Referencing analysis by rural sociologist Jack Kloppenburg, she explains that public sector scientists were blocked from developing seed varieties that could not be patented due to the interests of agrochemical companies like Cargill and Pfizer. She says, “Seeds are inherently very difficult to commercialize because, if you grow a plant, you can save the seeds and replant them.” Therefore, there was no money to be made if farmers could just use replenishable seed varieties—that is, until hybrid seeds were developed. Hybrid seeds are designed to grow high yields when they are first used, but are such that any saved seeds will produce lower yields.

“What happened is that the process of marketization forced public sector scientists to develop hybrid seeds rather than working on basically open-access varieties,” Lave says.


Similar contractions in the focus of research can happen when other public sector sciences come into conflict with the mega trend of neoliberalization. We can ask whether or not opinions critical of industry or research not guaranteed to result in successful marketization would succeed in gaining any funding or traction. Consider a case in which freedom of speech in a research university was influenced by industrial ties. In 2011, the University of Wyoming Art Museum featured a sculpture by British artist Chris Drury that examined the connection “between global warming and the pine beetle infestation that has ravaged forests across the Rockies.” The installation not only faced huge opposition by pro-energy officials in politics but also representatives from the energy sector. The university was bombarded by emails from displeased officials from Cloud Peak Energy, BP, and Encana. As a placating measure, the director of the School of Energy Resources (SER) reaffirmed the university’s loyalty—reminding the companies that the SER had committed $1.5 million in additional investment to the Encana Lab earlier that month. The Encana lab produces research related to oil production. As private enterprise becomes more and more vital to a university’s life line, the buck stops with them and not the other parties involved in research production. The controversy ultimately led to the “quiet removal of the artwork.”

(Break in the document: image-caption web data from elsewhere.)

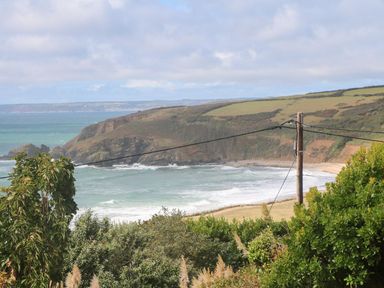 A coastal view with a beach and cliffs at Shearwater in Praa Sands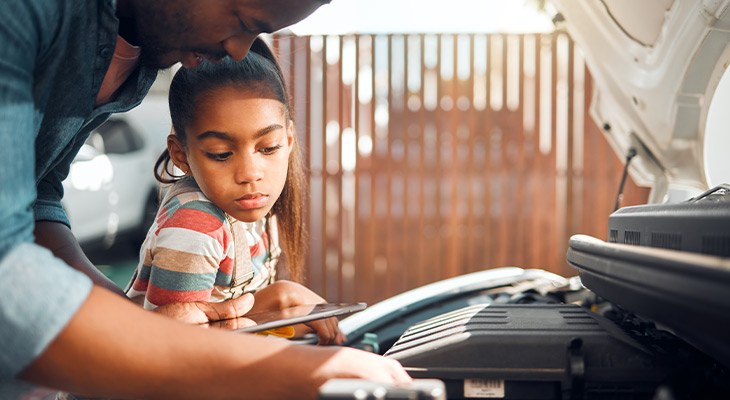 father and daughter working on a car
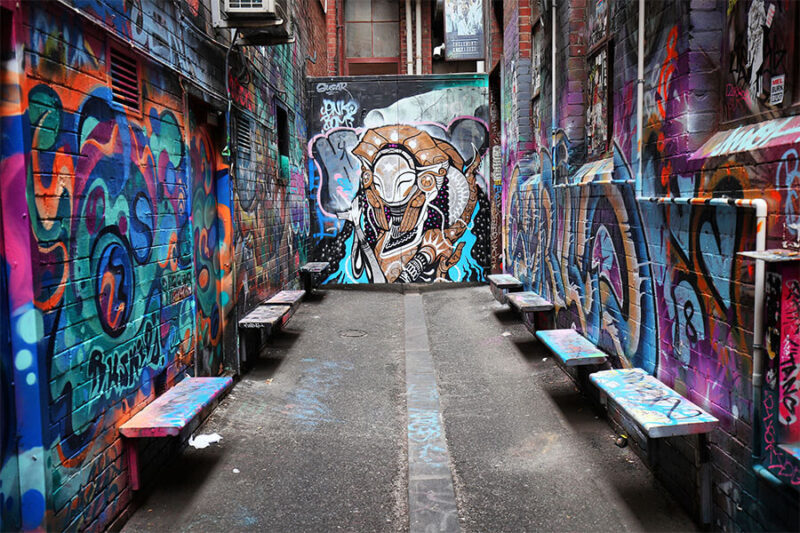 Nghệ thuật đường phố: Định nghĩa và các loại hình Nghệ sĩ đang tạo ra tác phẩm graffiti trên bức tường, minh họa nghệ thuật đường phố truyền thống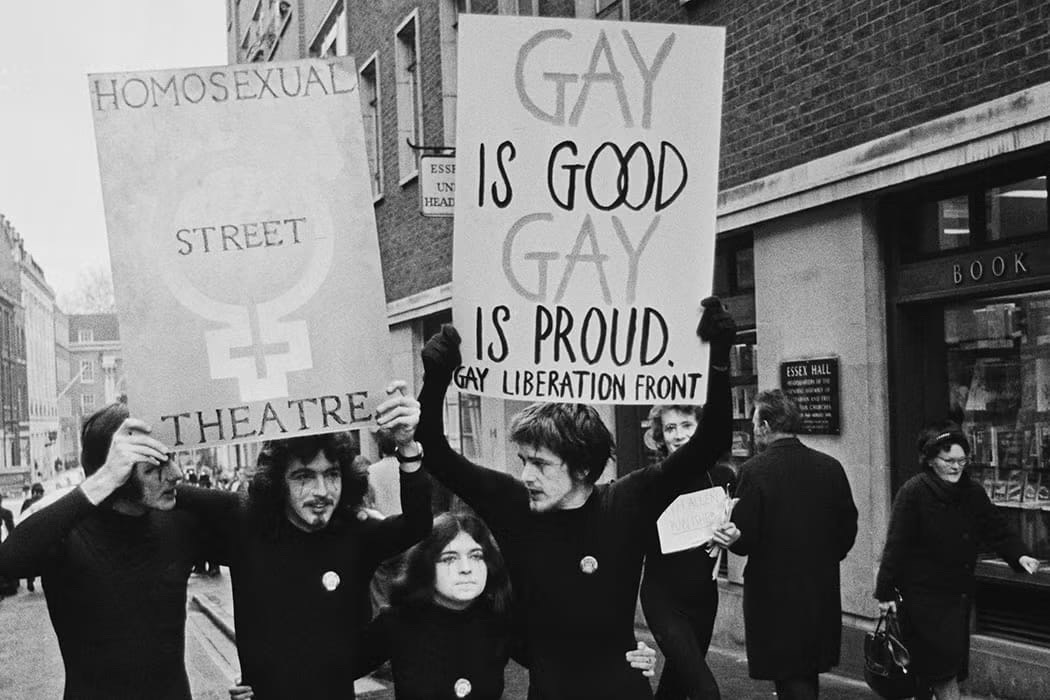Gay liberation activists holding protest signs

We can also ask what happens to the art and humanities departments of universities when they fail to attract industry partnerships. Such departments are often the ones that produce research that is critical of corporate behavior. When universities begin to filter research through the sieve of industrial needs, it’s possible that departments training students in politics, art, history, philosophy— the subjects that create a well-rounded citizen (but not necessarily an ideal consumer)—will be left to the wayside or also be made palatable to industry. For instance, many universities may heavily encourage academics in social science and humanities to provide consulting services and contract research to private clients, incentivizing them with promises of career progression. Like their peers in STEM, humanities researchers may find themselves increasingly embedded in inherently commercial research environments. Earlier this decade, “social science parks”—the humanities equivalent of science parks—became the new craze, with one being constructed in Cardiff University in Wales. The social science research park (SPARK) encourages and facilitates the connection of researchers with policy-makers, NGOs, and also private companies. Academics in SPARK quite literally work in the same space as those in the private sector, blurring the line between them. The research priorities of SPARK are then heavily shaped by what these private third parties think are the most pressing social problems.

Humanities and social science professors may one day end up in the dual roles Kocabas finds himself in: both academic and businessperson. To him, helping to run a company is more work on his plate. “At the end of the day, you have 24 hours. No one is really reducing my duties because of the company, so I have to do this on top of what I already do,” he says. Expectations of innovation and entrepreneurial spirit are yet other things in the growing job description of the overworked academic, but as Kocabas says, “If you can do it, why not?”